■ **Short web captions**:
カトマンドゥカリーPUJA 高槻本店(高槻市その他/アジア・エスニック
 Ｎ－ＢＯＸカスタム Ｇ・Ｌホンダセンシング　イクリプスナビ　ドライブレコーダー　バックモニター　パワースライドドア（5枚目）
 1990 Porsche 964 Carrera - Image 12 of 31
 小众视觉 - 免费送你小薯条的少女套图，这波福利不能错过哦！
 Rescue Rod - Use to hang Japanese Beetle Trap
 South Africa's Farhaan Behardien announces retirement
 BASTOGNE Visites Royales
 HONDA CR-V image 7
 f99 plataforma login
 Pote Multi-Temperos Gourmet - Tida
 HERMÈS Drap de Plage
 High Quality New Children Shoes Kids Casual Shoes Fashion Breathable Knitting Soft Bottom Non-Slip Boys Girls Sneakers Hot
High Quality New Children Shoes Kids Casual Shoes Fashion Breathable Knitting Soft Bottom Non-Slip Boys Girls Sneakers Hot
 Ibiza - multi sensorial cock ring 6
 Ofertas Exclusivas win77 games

■ **WORK REQUIRED**: Could you return the complete set of entries exactly?

■ **RESPONSE BELOW**:
カトマンドゥカリーPUJA 高槻本店(高槻市その他/アジア・エスニック
 Ｎ－ＢＯＸカスタム Ｇ・Ｌホンダセンシング　イクリプスナビ　ドライブレコーダー　バックモニター　パワースライドドア（5枚目）
 1990 Porsche 964 Carrera - Image 12 of 31
 小众视觉 - 免费送你小薯条的少女套图，这波福利不能错过哦！
 Rescue Rod - Use to hang Japanese Beetle Trap
 South Africa's Farhaan Behardien announces retirement
 BASTOGNE Visites Royales
 HONDA CR-V image 7
 f99 plataforma login
 Pote Multi-Temperos Gourmet - Tida
 HERMÈS Drap de Plage
 High Quality New Children Shoes Kids Casual Shoes Fashion Breathable Knitting Soft Bottom Non-Slip Boys Girls Sneakers Hot
High Quality New Children Shoes Kids Casual Shoes Fashion Breathable Knitting Soft Bottom Non-Slip Boys Girls Sneakers Hot
 Ibiza - multi sensorial cock ring 6
 Ofertas Exclusivas win77 games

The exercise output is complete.